We come, then, to this final proposition—that limited war is only permanently possible to island Powers or between Powers which are separated by sea, and then only when the Power desiring limited war is able to command the sea to such a degree as to be able not only to isolate the distant object, but also to render impossible the invasion of his home territory.

Here, then, we reach the true meaning and highest military value of what we call the command of the sea, and here we touch the secret of England\'s success against Powers so greatly superior to herself in military strength. It is only fitting [pg 58] that such a secret should have been first penetrated by an Englishman. For so it was, though it must be said that except in the light of Clausewitz\'s doctrine the full meaning of Bacon\'s famous aphorism is not revealed. "This much is certain," said the great Elizabethan on the experience of our first imperial war; "he that commands the sea is at great liberty and may take as much or as little of the war as he will, whereas those that be strongest by land are many times nevertheless in great straits." It would be difficult to state more pithily the ultimate significance of Clausewitz\'s doctrine. Its cardinal truth is clearly indicated—that limited wars do not turn upon the armed strength of the belligerents, but upon the amount of that strength which they are able or willing to bring to bear at the decisive point.
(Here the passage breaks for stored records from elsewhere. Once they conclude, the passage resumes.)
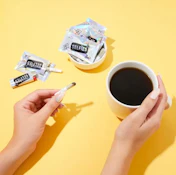 Superglue 2pk (.5g) by SELFIES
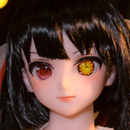 追加ヘッド:Kurumi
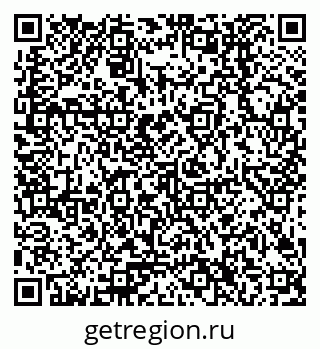 79378206477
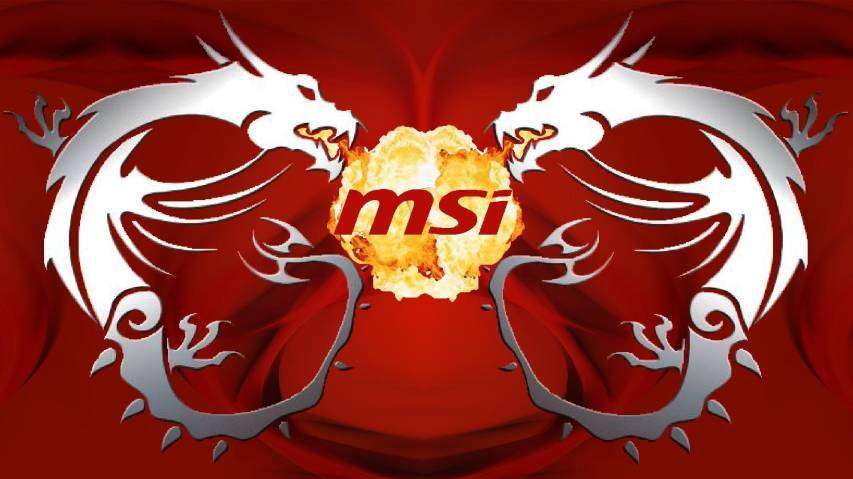 MSI R7970 LIGHTNING BE ** GAMING GRAPHICS CARD ** GOOD CONDITION ** WARRANTY **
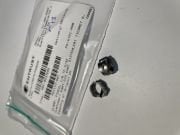 812177-001 CLAMP,PINCH,1/8 TO 5/32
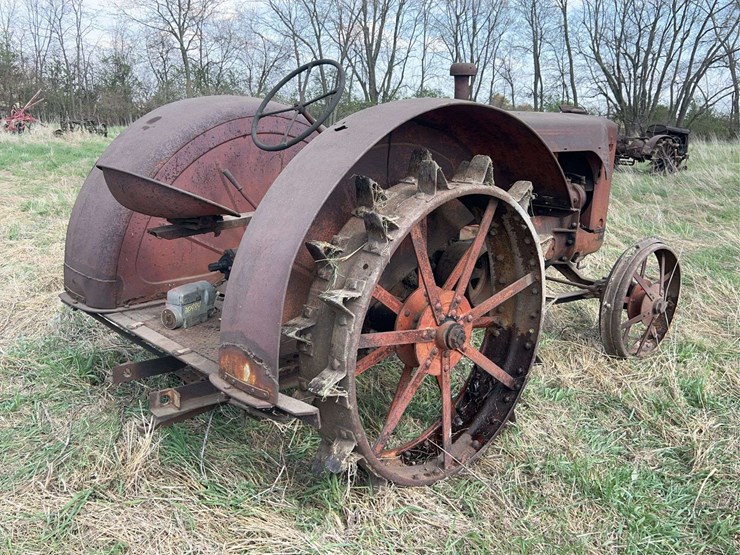 1948-case-model-la-image-3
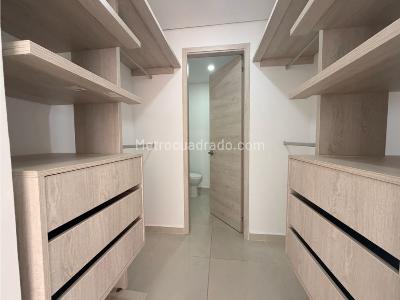 Apartamento en venta en Santa Ana, Barranquilla · foto 9 de 19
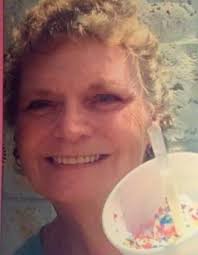 Cheryl Ann Gregory Obituary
It is much to be regretted that Clausewitz did not live to see with Bacon\'s eyes and to work out the full comprehensiveness of his doctrine. His ambition was to formulate a theory which would explain all wars. He believed he had done so, and yet it is clear he never knew how complete was his success, nor how wide was the field he had covered. To the end it would seem he was unaware that he had found an explanation of one of the most inscrutable problems in history—the expansion of England—at least so far as it has been due to successful war. That a small country with a weak army should have been able to gather to herself the most desirable regions of the earth, and to gather them at the expense of the greatest military Powers, is a paradox to which such Powers find it hard to be reconciled. The phenomenon seemed always a matter of chance-an accident without any foundation in the essential constants of war. It remained for Clausewitz, [pg 59] unknown to himself, to discover that explanation, and he reveals it to us in the inherent strength of limited war when means and conditions are favourable for its use.
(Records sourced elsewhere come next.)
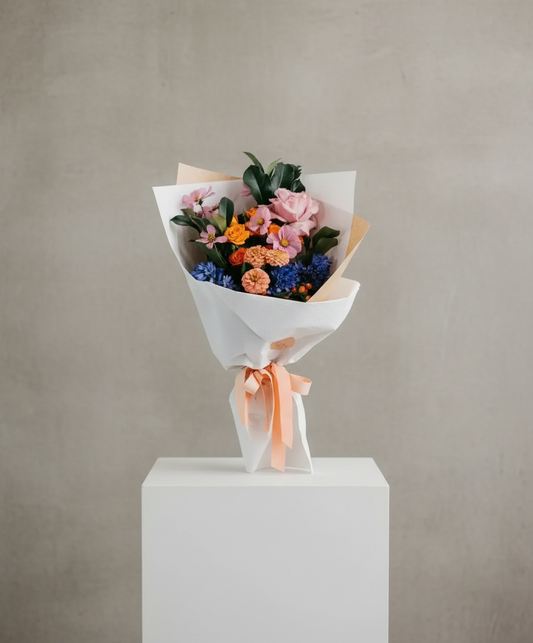 Market Special | Fresh Flowers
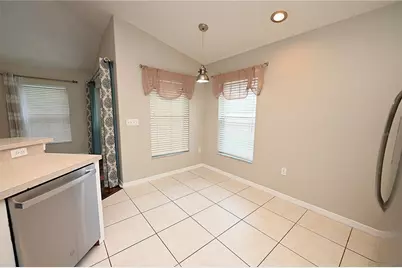 7147 Cedarcrest Boulevard, Lakeland, FL 33810 - Photo 7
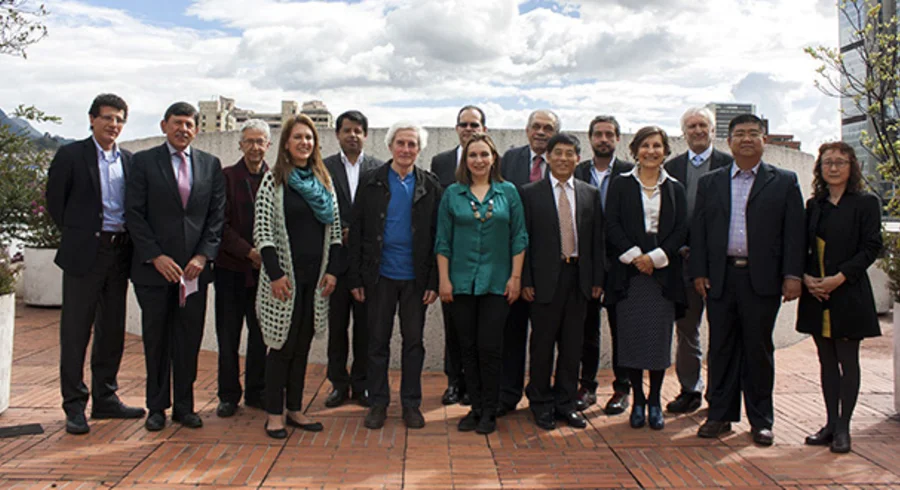 webnota_foro_bogota_y_tianjin_ciudades_del_futuro_dia_2_20160928_001.jpg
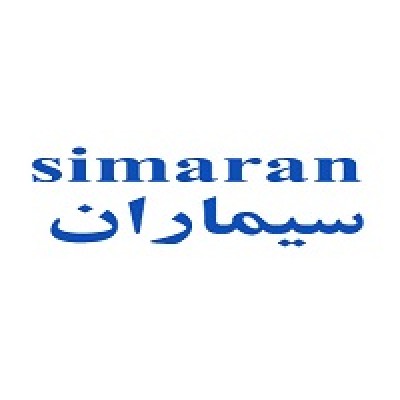 Simaran Electronics Industries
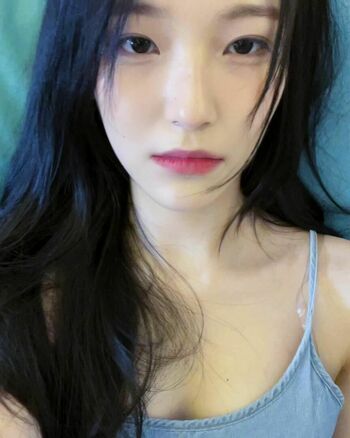 WomenK-pop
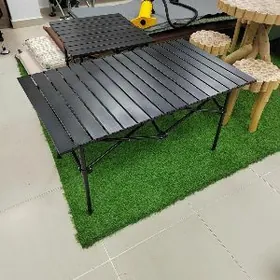 Столик раскладной походный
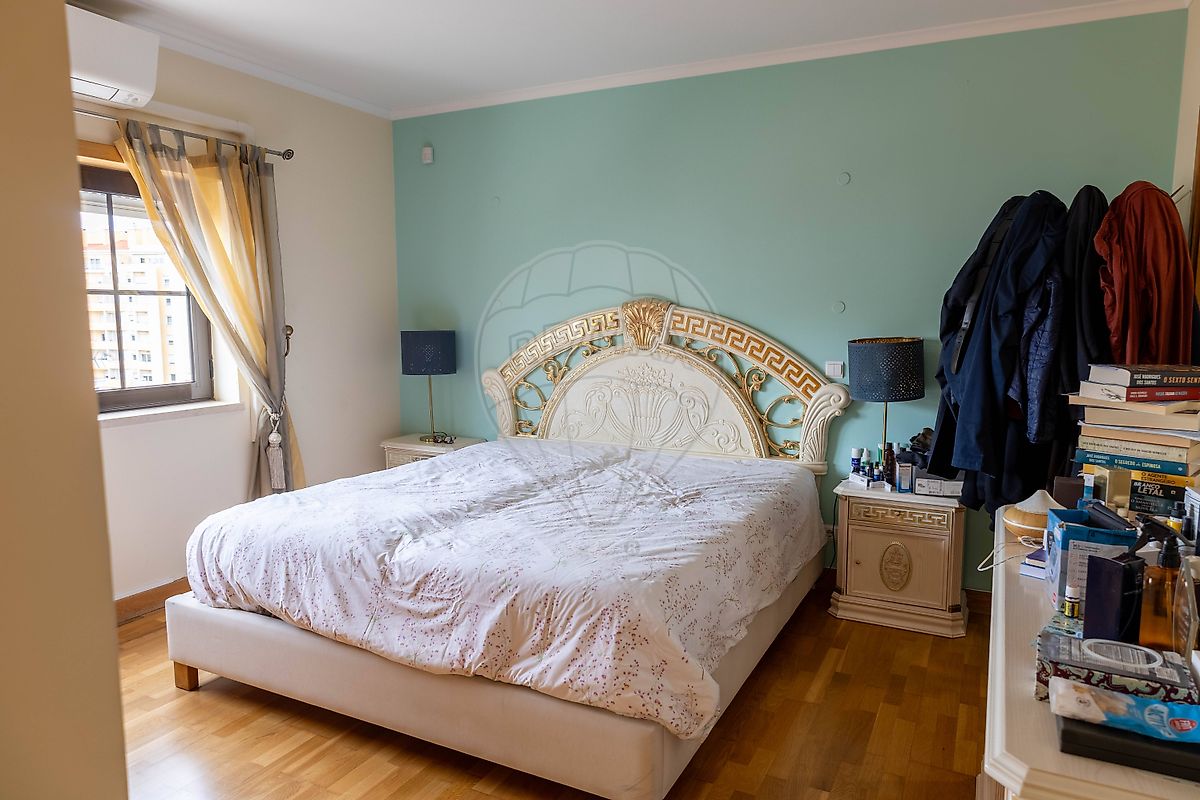 Moradia T3 à venda em Carcavelos e Parede, Cascais — foto 18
We find, then, if we take a wider view than was open to Clausewitz and submit his latest ideas to the test of present imperial conditions, so far from failing to cover the ground they gain a fuller meaning and a firmer basis. Apply them to maritime warfare and it becomes clear that his distinction between limited and unlimited war does not rest alone on the moral factor. A war may be limited not only because the importance of the object is too limited to call forth the whole national force, but also because the sea may be made to present an insuperable physical obstacle to the whole national force being brought to bear. That is to say, a war may be limited physically by the strategical isolation of the object, as well as morally by its comparative unimportance.